Widely relied-on estimate of plastic dumped yearly in oceans off by "magnitudes", new study says
A 2015 study, now apparently shown as inaccurate, has been cited frequently by media, government officials and environmental organizations over the years as the "conventional wisdom"
It has been repeatedly stated as fact that "8 to 10 million metric tons of plastic are dumped into oceans" every single year. However, according to a new peer-reviewed study in Nature Geoscience, that’s 7,500,000 metric tons off the mark.
The study, published this month and titled "Global mass of buoyant marine plastics dominated by large long-lived debris," used "observational data" from coastlines, the ocean surface, and the deep ocean to conclude that the amount of plastic pouring into the oceans every year is about 500,000 metric tons. The researchers' abstract said that "recent estimates of the oceanic input of plastic are one to two orders of magnitude larger than the amount measured floating at the surface."
Though this may still sound like a lot, but a widely relied upon 2015 study overshot the "accepted" number by a whopping 1,600%.
Referring to the data cited from the 2015 study led by Dr. Jenna Jambeck from the University of Georgia, the new study explains that "This discrepancy could be due to overestimation of input estimates, processes removing plastic from the surface ocean or fragmentation and degradation."
The 2015 study with the now-challenged estimate was been adopted as authoritative by a range of media outlets, environmental activists and government agencies.
Nancy Wallace, Marine Debris Program Director at the National Oceanic and Atmospheric Administration (NOAA), called the 2015 study "significant" in a New York Times article. Though she conceded it wasn’t an exact figure, she said it "gives us [NOAA] an idea of… where we might need to focus our efforts to affect the issue."
To date, Dr. Jambeck’s 2015 study is listed on the NOAA website. Just the News contacted Wallace and NOAA’s media team for comment.

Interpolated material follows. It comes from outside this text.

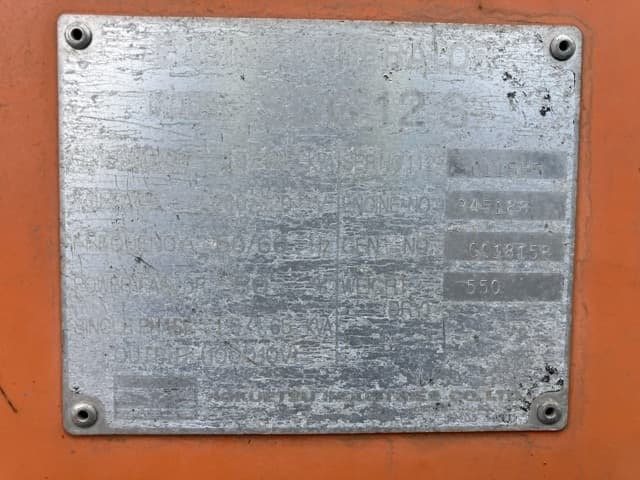 Generator — Auction (lot 8451-3005)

Other entities who accepted the 2015 data as a fact include The World Economic Forum, who said "At this rate, there will be more plastic than fish in the world’s oceans by 2050" and suggested that plastic pollutants "are adding to the climate change problem." Other proponents of the "conventional wisdom" include UNESCO, The National Geographic Society, Time magazine, The Washington Post, as well as dozens of environmental organizations, such as "Environmental Action" and "Ocean Conservancy" all of whom have cited the "8 million metric tons of plastic pollution" figure.
Outlets like The New York Times, which propped up the 2015 study, have appeared to downplay the new number and double down on pushing a fearful narrative. "There Might Be Less Plastic in the Sea Than We Thought. But Read On," reads their headline about the new data. "The new research might seem like good news, but the full picture is complicated: The amount of plastic in the ocean is still increasing by about 4 percent every year, according to the study," the Times added.
Stephen Guertin, Deputy Director of U.S. Fish and Wildlife at the Department of The Interior, also used Jambeck’s study in his 2019 testimony before Congress, repeating that "it is believed that at least 8 million tons of plastic end up in our oceans every year, and make up 80 percent of all marine debris from surface waters to deep-sea sediments."
And while America has been continually criticized for its role in plastic pollution, with many states passing legislation to severely restrict the use of plastic products, Manhattan Institute waste expert John Tierney says "virtually all the consumer plastics polluting the world’s oceans comes from ‘mismanaged waste’ in developing countries."
"The Environmental Protection Agency has promoted recycling as a way to reduce carbon emissions, but its own figures show the benefits are relatively small and come almost entirely from recycling paper products and metals, not plastic," he wrote in a New York Post op-ed, adding that rather than Americans sending plastic to a landfill, "most" of it ends up being shipped overseas to developing nations.